Chronic lymphocytic leukemia (CLL) is the most common form of adult leukemia. The American Cancer Society estimates that approximately 15,000 people will be diagnosed with CLL this year. Currently, there are approximately 95,000 people in the United States living with CLL.
CLL is characterized by the production of atypical lymphocytes. Lymphocytes are specialized immune cells that exist in two forms: B- and T-cells. These cells are produced in the bone marrow and each serves a specific function in aiding the body fight infection.
The large majority of CLL cases involve mature B-lymphocytes that tend to live much longer than normal. B-lymphocytes accumulate in the blood, bone marrow, lymph nodes, and spleen. This results in overcrowding of these areas and suppression of the formation and function of blood and immune cells. Additionally, the cancerous lymphocytes themselves do not function normally, leading to a further reduction in the body’s ability to fight infection.

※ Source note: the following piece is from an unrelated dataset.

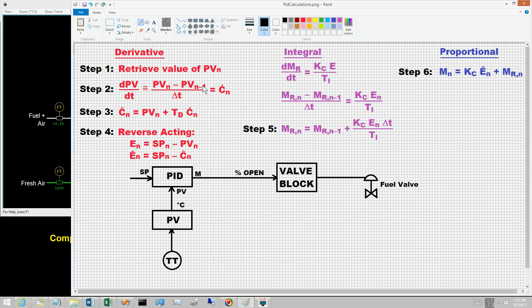If time 0 is the time the controller was switched to auto, then iteration n occurs at n times delta t. With today's processors, the norm is sampling times of one second or less. For the slow processes typical of the process industries, such sampling times do not introduce significant errors into the calculations.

Arzerra is monoclonal antibody that targets a molecule known as CD20, which is found on the surface of B-cells.
The approval of Arzerra was based on a study among patients with CLL that was refractory (not responsive) to Fludara and Campath. Forty-two percent of patients responded to treatment with Arzerra. Treatment responses lasted a median of 6.5 months. The most common serious side effects of Arzerra were infections, neutropenia, and fever.